I'm going to point out that the main problem with Oblivion was not the ability to fast travel itself. It was that the immersion and sense of exploratory progression that we felt strongly in Morrowind was lost. While Morrowind certainly frustrated me at times when I had to sell off stolen loot to a crab, or find a daedra, or do a quest in the north, the main reason why the world felt so huge and it was such an adventure to explore even a short distance was due to the way you were forced to travel the entire way, using mainly the physical markers available to actually learn the lay of the land. You felt tied to the land, because you couldn't just instantly bypass it. In Oblivion, when you go on a quest you do your best to avoid foot travel. Instead of traveling from the city you are in, to the closest big city to your destination, to the closest settlement, and to each destination along the way, experiencing the environment and the distance firsthand, you simply teleport to the closest discovered location to your destination.
Where's the exploration in that? Where is the interconnectedness, in that you'd travel instantaneously to a hostile cave instead of going to the closest settlement first? There was no tie to the world and the terrain itself, because the geography was irrelevant to your actions. There was no point to having a house in more than one town since you could travel instantaneously. There was no point to learning the geography and experiencing the cohesive environment and physical beauty, when you can get to your destination instantly. Honestly, a lot of the time it felt like a hub-type design where each quest location was mostly separate, rather than an open-world game, unless you intentionally made up your mind to explore (which inevitably resulted in discovering a cave or fort, spending an hour there, and forgetting where you actually were or where you were going).

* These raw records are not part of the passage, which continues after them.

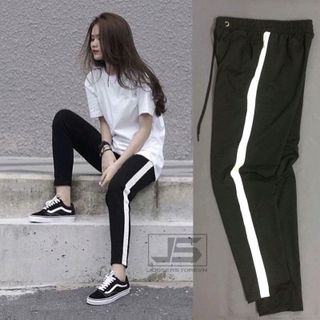 Quần jogger 1 sọc suông unisex có bigsize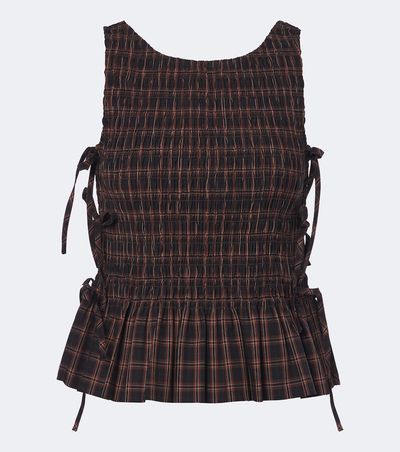 Ganni Ganni Checked shirred cotton top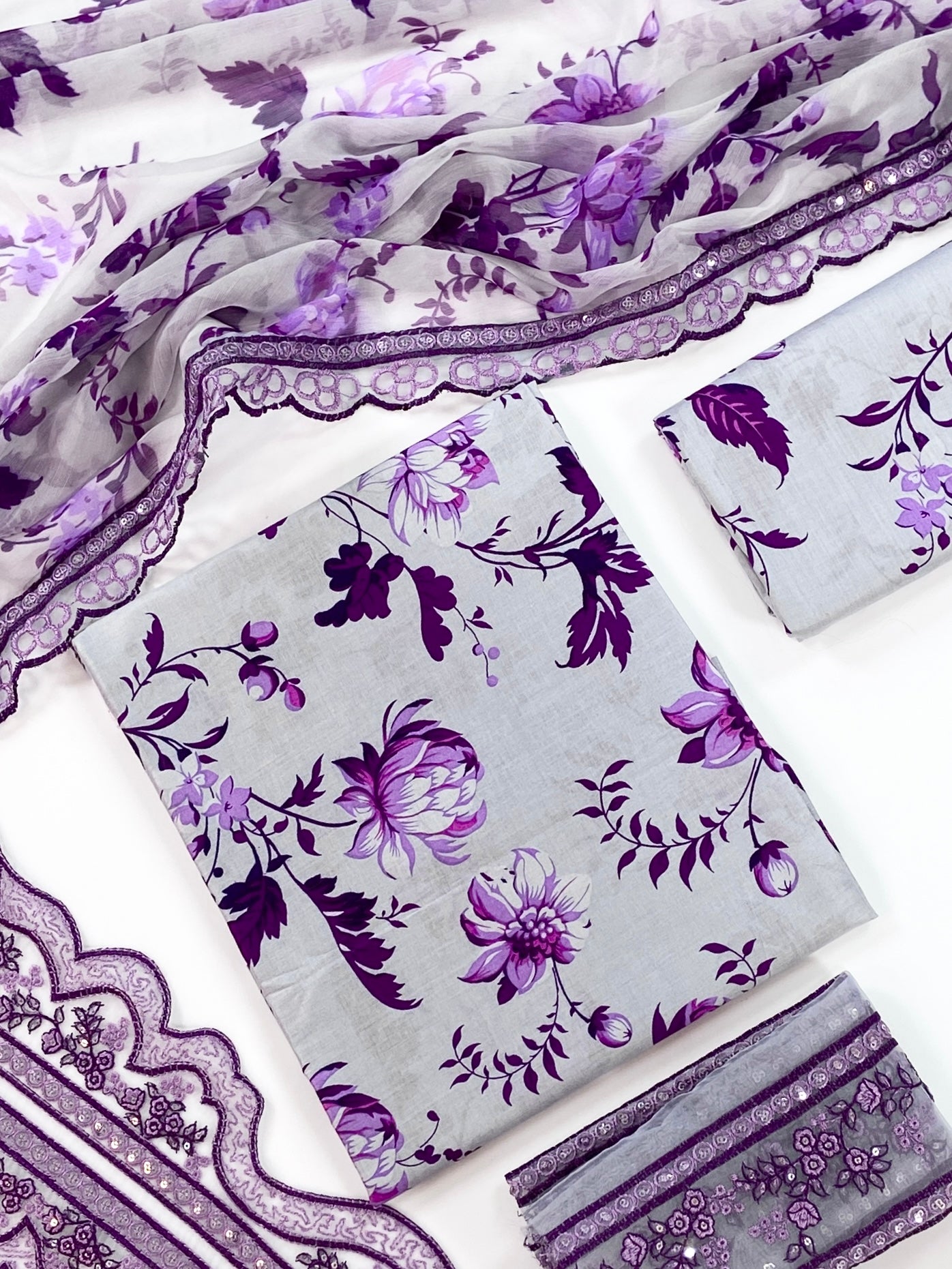 Aneelas Embroiderd & Digital Printed Lawn 3PC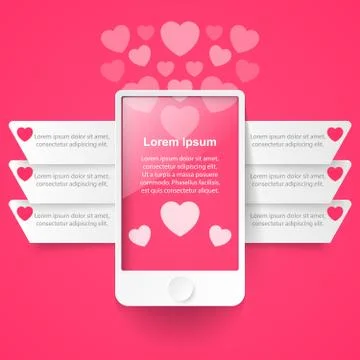 3D infographic design template and marketing icons. Smartphone i Stock Illustration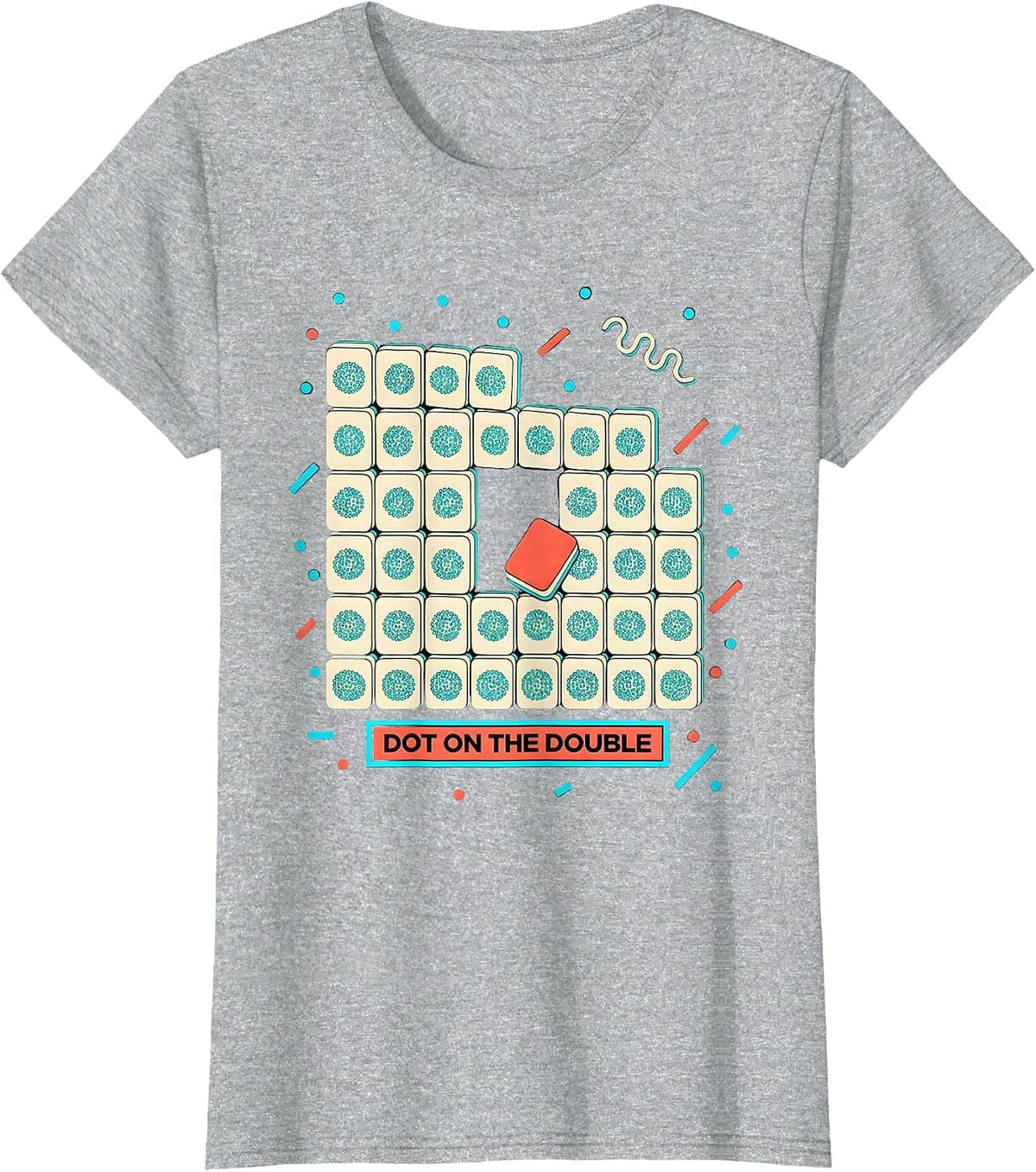 Dot On The Double Memphis Postmodern Funny Mahjong Player T-Shirt - Heather Grey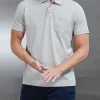 Mercerised Pique Button Polo Shirt - Stone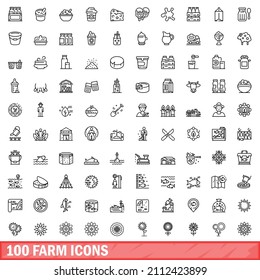 100 farm icons set. Outline illustration of 100 farm icons vector set isolated on white background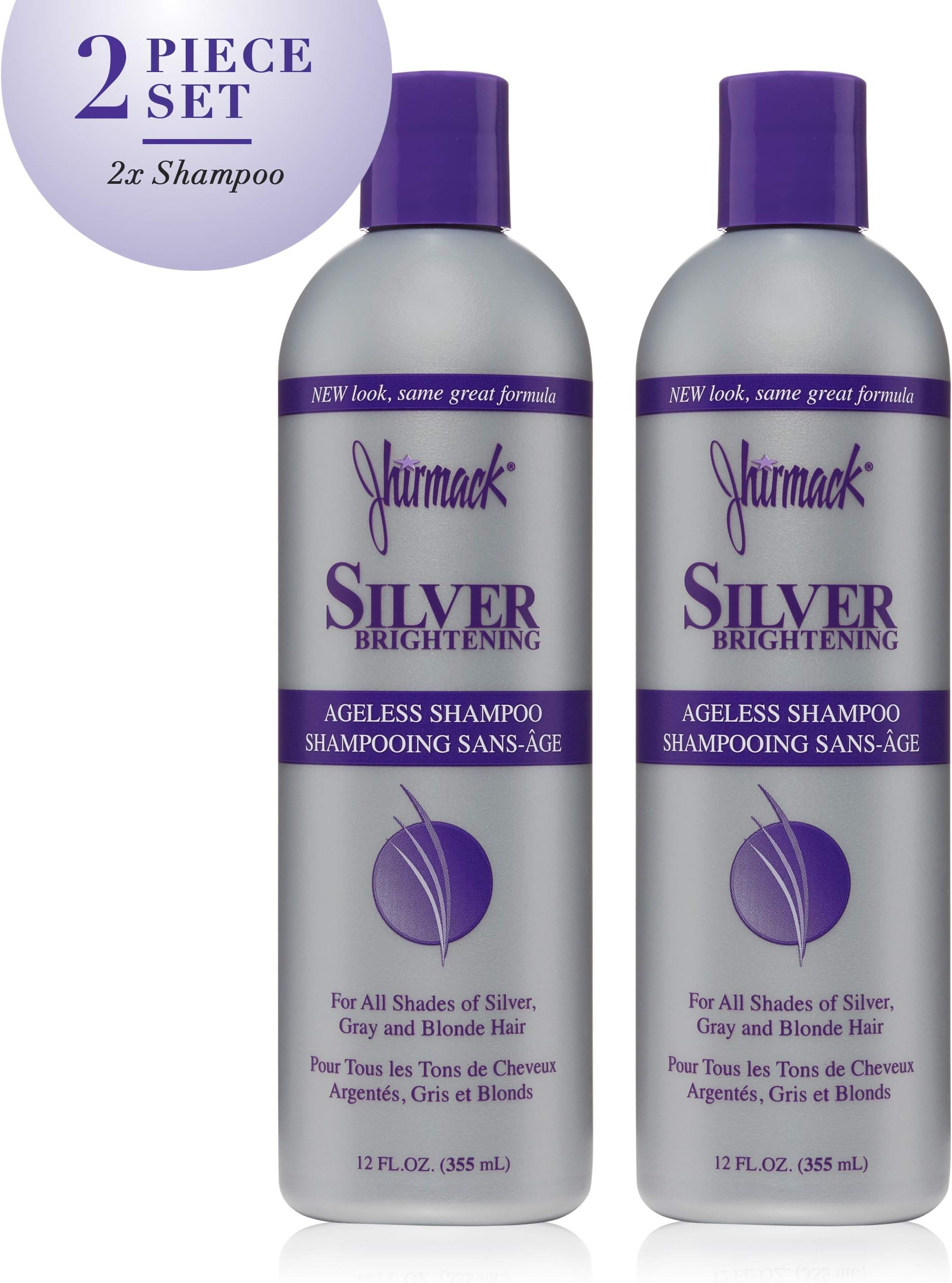 Jhirmack Silver Plus Ageless Shampoo 12 Fl oz (Pack of 2)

I think that Bethesda has spent far too much time on the unique geography of this game to squander the sense of exploration described in the GI article. I really, really hope they have a solution for the immersion-shattering nature of Oblivion that made it so, to this day, I have barely learned the roads or remembered the terrain types surrounding the various cities. Keeping the world cohesive and real means keeping the player's feet planted on the ground, at least for most of the time. Isn't that the point of an open-world game?